HARTFORD, Conn. (AP) — Prescription drug costs for Connecticut state employees have increased despite restrictions that were designed to save about $24 million, according to new data.
The statistics from the state comptroller show that taxpayers funded almost $332 million in prescriptions for the 200,000 participants in the state health program during the year that ended June 30, The Hartford Courant reported.
That number is up by about $53 million, or about 19 percent, from the previous year.
Comptroller Kevin Lembo, who’s in charge of running the state employees’ health plan, said the increase is due to the general skyrocketing costs in the national pharmaceutical market. He said in congressional testimony recently submitted to a U.S. House committee that prices for name-brand medications and generics are rising at an alarming rate.
“The factors behind rising pharmacy costs include market consolidation, new pricing models and outright profiteering. Projections indicate no future relief as pharmacy costs are expected to continue to rise at an exorbitant rate in the coming years,” he said.

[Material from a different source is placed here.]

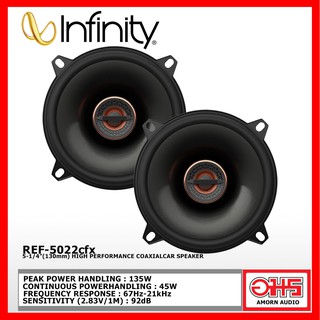 Infinity REF-5032cfx ลำโพงแกนร่วม ขนาด 5 นิ้ว AMORNAUDIO อมรออดิโอ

An average of $2.2 million has been saved monthly due to new restrictions on compounded medicines, according to a report to the comptroller by CVS/Caremark for the period of May 15 to Oct. 31. Compounded drugs are mixtures of medicines typically produced by big, out-of-state pharmacies.
In May, Lembo imposed a “prior authorization” requirement for compounded medicines under which a prescribing doctor has to demonstrate “medical necessity” before the payment is approved by CVS/Caremark, the state’s health benefits manager.
A spokeswoman with the state Attorney General’s office said Friday that an investigation into a recent spike in costs for compounded medicines is “active and ongoing.”